**EXERCISE DETAILS**
Below are the records; restate all of them exactly.

**Dataset excerpts**
----
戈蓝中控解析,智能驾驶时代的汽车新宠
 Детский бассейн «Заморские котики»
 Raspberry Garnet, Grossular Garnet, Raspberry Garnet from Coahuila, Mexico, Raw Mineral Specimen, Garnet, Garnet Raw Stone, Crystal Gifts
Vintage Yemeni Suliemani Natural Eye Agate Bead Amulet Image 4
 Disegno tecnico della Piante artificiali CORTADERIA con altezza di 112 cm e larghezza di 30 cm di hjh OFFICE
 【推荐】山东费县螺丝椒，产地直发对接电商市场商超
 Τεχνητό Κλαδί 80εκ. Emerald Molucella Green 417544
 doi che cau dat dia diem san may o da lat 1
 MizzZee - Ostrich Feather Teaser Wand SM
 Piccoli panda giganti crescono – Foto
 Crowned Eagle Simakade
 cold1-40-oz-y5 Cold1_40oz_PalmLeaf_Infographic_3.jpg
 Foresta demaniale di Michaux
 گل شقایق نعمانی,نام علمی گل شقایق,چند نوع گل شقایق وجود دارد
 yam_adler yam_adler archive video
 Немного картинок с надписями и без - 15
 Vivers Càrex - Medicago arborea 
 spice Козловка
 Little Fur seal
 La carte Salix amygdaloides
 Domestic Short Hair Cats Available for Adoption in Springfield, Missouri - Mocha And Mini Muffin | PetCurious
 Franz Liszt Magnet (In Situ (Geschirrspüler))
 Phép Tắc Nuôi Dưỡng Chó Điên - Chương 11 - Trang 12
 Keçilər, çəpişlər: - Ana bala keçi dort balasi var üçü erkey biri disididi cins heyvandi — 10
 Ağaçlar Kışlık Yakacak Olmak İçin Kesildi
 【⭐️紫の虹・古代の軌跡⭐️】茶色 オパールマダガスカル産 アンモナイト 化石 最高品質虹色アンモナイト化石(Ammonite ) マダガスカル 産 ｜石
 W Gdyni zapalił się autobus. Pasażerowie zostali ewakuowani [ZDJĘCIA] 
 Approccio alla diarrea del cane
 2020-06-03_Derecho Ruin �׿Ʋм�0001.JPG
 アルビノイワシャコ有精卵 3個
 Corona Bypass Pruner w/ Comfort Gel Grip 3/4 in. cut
----
**SOLUTION FOR THIS TASK**
戈蓝中控解析,智能驾驶时代的汽车新宠
 Детский бассейн «Заморские котики»
 Raspberry Garnet, Grossular Garnet, Raspberry Garnet from Coahuila, Mexico, Raw Mineral Specimen, Garnet, Garnet Raw Stone, Crystal Gifts
Vintage Yemeni Suliemani Natural Eye Agate Bead Amulet Image 4
 Disegno tecnico della Piante artificiali CORTADERIA con altezza di 112 cm e larghezza di 30 cm di hjh OFFICE
 【推荐】山东费县螺丝椒，产地直发对接电商市场商超
 Τεχνητό Κλαδί 80εκ. Emerald Molucella Green 417544
 doi che cau dat dia diem san may o da lat 1
 MizzZee - Ostrich Feather Teaser Wand SM
 Piccoli panda giganti crescono – Foto
 Crowned Eagle Simakade
 cold1-40-oz-y5 Cold1_40oz_PalmLeaf_Infographic_3.jpg
 Foresta demaniale di Michaux
 گل شقایق نعمانی,نام علمی گل شقایق,چند نوع گل شقایق وجود دارد
 yam_adler yam_adler archive video
 Немного картинок с надписями и без - 15
 Vivers Càrex - Medicago arborea 
 spice Козловка
 Little Fur seal
 La carte Salix amygdaloides
 Domestic Short Hair Cats Available for Adoption in Springfield, Missouri - Mocha And Mini Muffin | PetCurious
 Franz Liszt Magnet (In Situ (Geschirrspüler))
 Phép Tắc Nuôi Dưỡng Chó Điên - Chương 11 - Trang 12
 Keçilər, çəpişlər: - Ana bala keçi dort balasi var üçü erkey biri disididi cins heyvandi — 10
 Ağaçlar Kışlık Yakacak Olmak İçin Kesildi
 【⭐️紫の虹・古代の軌跡⭐️】茶色 オパールマダガスカル産 アンモナイト 化石 最高品質虹色アンモナイト化石(Ammonite ) マダガスカル 産 ｜石
 W Gdyni zapalił się autobus. Pasażerowie zostali ewakuowani [ZDJĘCIA] 
 Approccio alla diarrea del cane
 2020-06-03_Derecho Ruin �׿Ʋм�0001.JPG
 アルビノイワシャコ有精卵 3個
 Corona Bypass Pruner w/ Comfort Gel Grip 3/4 in. cut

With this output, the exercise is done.